All analyses were conducted with IBM SPSS Statistics (V20).
All results regarding predictors for relapse, including prodromal symptoms, have not been published elsewhere and are published here for the first time.
3.1. Relapse in schizophrenia: operational definition and prevalence rates
The (operational) definition and assessment of relapse in schizophrenia are very heterogeneous, which limits comparison of study results. The criterion or indicator most often used is hospital (re-)admission ( Gleeson et al., 2010 ); however, rates of symptom relapse and readmission to hospital differ greatly (e.g. Leucht et al., 2012 ), and influencing factors and predictors for relapse and hospital (re-)admission also are diverse ( Falloon et al., 1983 ). Early attempts to assimilate criteria for assessment of relapse ( Falloon, 1984 ) emphasized that criteria should consider: 1) an increase of positive symptoms (from a post-acute, improved, sub-clinical level) above a clinically relevant threshold (which should be defined a priori); 2) an appropriate duration of emerging clinical symptoms; and 3) assessment of symptoms with objective and standardized instruments. In a recent review on the reporting of relapse in RCTs in first-episode psychosis, Gleeson et al. (2010) added that 4) intervals for symptom assessment and the follow-up period should be appropriate [together with additional criteria addressing mainly methodological issues based on the CONSORT statement for the reporting of RCTs (e.g. Moher et al, 2001 and Schulz et al, 2010), namely that: 5) symptoms should be assessed by trained (and blinded) raters; and 6) inter-rater reliability checks should be conducted]. A very comprehensive operationalization for relapse was used by Csernansky et al. (2002) and decisive for different other studies. They defined relapse as the presence of at least one of the following: psychiatric hospitalization; an increase in the level of psychiatric care and an increase of 25% from baseline in the PANSS total score (or an increase of 10 points if the baseline score was 40 or less); deliberate self-injury; suicidal or homicidal ideation; clinically significant violent behavior; substantial clinical deterioration (as indicated by a CGI change score ≥ 6). Most RCTs in the review by Gleeson et al. (2010) do not comply with their criteria, so the authors state that there is an “urgent need for a standardized, universally adopted set of criteria for psychotic relapse” (p. 79). For example, the Remission in Schizophrenia Working Group (RSWG; Andreasen et al., 2005 ) defined and consented such a set of criteria for remission that stimulated a large amount of research and has enabled a better comparison of results across studies ( Gaebel et al., 2013 ).
Reported rates of relapse vary also mainly depending on the assessment criteria used, study type (RCTs or epidemiological studies), treatment conditions, sample characteristics (first- vs. multiple-episode patients), and observation period. A recent meta-analytic review on RCTs that compared antipsychotic (post-acute) MT with placebo regarding relapse prevention estimated 1-year relapse rates of 27% versus 64%, and 2- to 3-year rates of 44% versus 79%, respectively ( Leucht et al., 2012 ). Interestingly, results were similar for patients with symptom remission before the relapse observation period (30% vs. 63%), patients who did not fulfill such a criterion (26% vs. 64%), first-episode (26% vs. 61%) and multiple-episode patients (27% vs. 65%), and treatment with first-generation antipsychotics (FGA; 24% vs. 62%) and second-generation antipsychotics (SGA; 30% vs. 67%; MT vs. placebo respectively). However, in other meta-analyses some SGAs (olanzapine, risperidone, sertindole) showed significant advantages in relapse prevention compared to FGAs (mainly haloperidol; Leucht et al., 2009 ), and relapse rates with depot or long-acting injectable antipsychotics were significantly lower than with oral antipsychotics (22% vs. 33%; Leucht et al., 2011 ), whereas a very recent meta-analysis found no differences between oral and depot antipsychotics ( Kishimoto et al., 2014 ).
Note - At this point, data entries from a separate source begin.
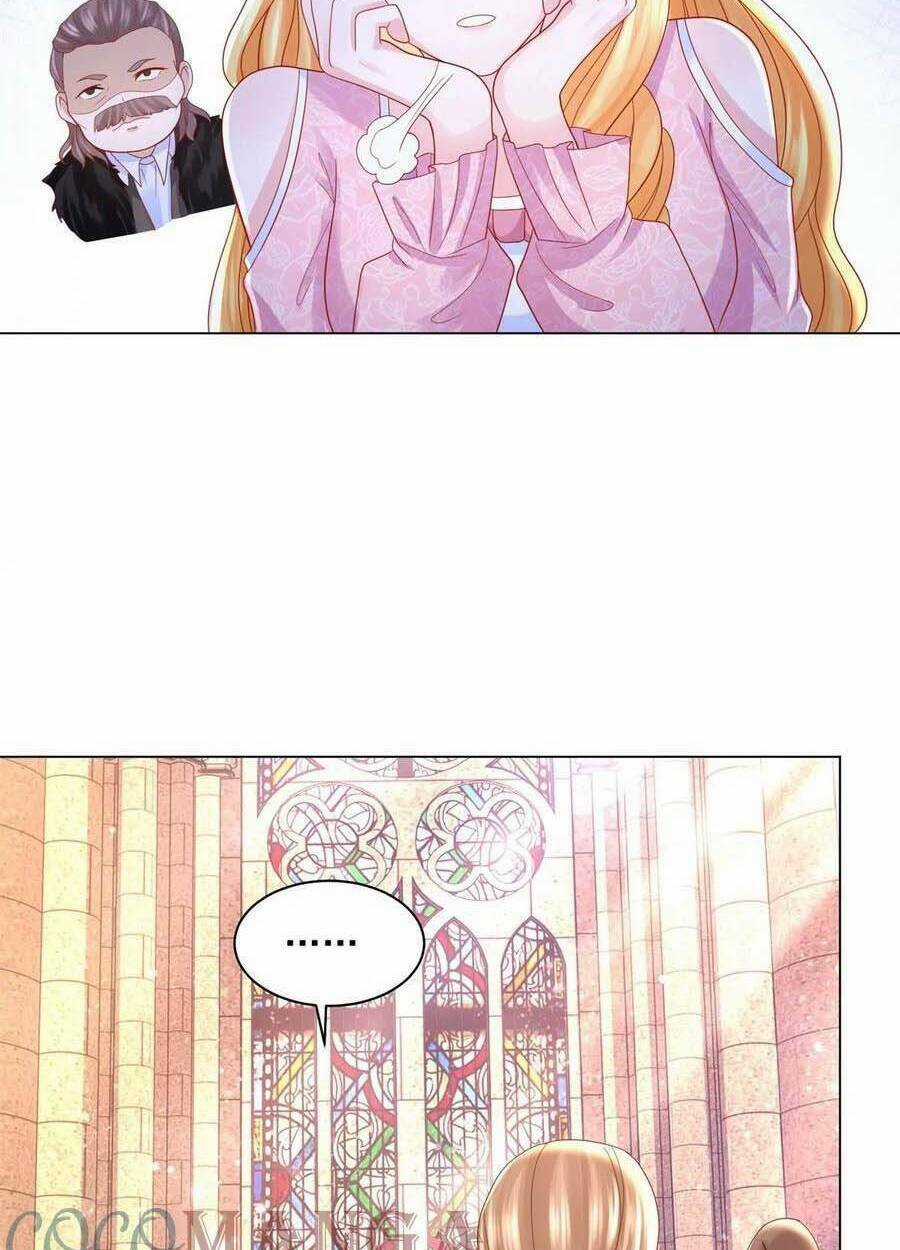 Tôi Muốn Trở Thành Tiểu Thư Công Tước Phế Vật Chapter 174 trang 26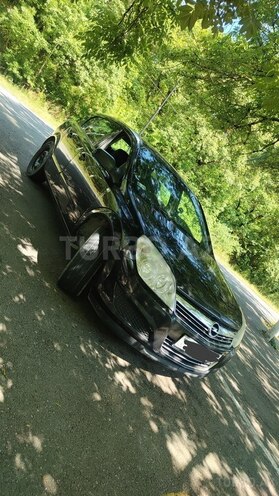 Opel Astra-2
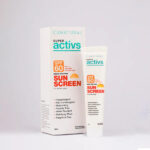 Conatural Sunscreen SPF 60, 30 mlConatural Sunscreen SPF 60, 30 ml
In contrast to placebo-controlled RCTs, epidemiological and observational studies correspond more closely to the natural clinical setting. A recently published review on first-episode psychosis (including schizophrenia, schizophrenia spectrum disorders, and affective disorders with psychotic symptoms) included 29 mainly epidemiological or observational studies ( Alvarez-Jimenez et al., 2012 ); estimated pooled relapse rates were 28% in the first post-acute year, 43% in the second, and 54% in the third.
3.2. Predictors for relapse in schizophrenia
Predictors in general are defined as variables or parameters that “systematically” precede an event and hence are related i.e. correlated to the occurrence of that event ( Gaebel, 2004 ). This relationship can be causal (in extreme cases “deterministic”) or, as in many cases, not causal, or the relationship even may remain unknown. Predictors may derive from theoretical assumptions regarding the illness process (e.g. according to the heuristic framework of the VSC-model, e.g. Zubin and Spring, 1977 and Nuechterlein and Dawson, 1984) or emerge in empirical studies as a result of correlation analyses. Predictors often are summarized as patient characteristics—such as more general sociodemographic variables (e.g. sex, age, ethnicity), personality traits, or premorbid characteristics—and as more illness-related clinical characteristics (e.g. symptom severity, illness duration), that include also genetic, biological (e.g. parameters from neuroimaging data), and cognitive parameters. In addition to patient variables, other predictors refer to environmental factors (e.g. stressful life events), course variables (e.g. response, remission, prior relapse), treatment characteristics (see above), or interactions between these categories (e.g. adherence to treatment).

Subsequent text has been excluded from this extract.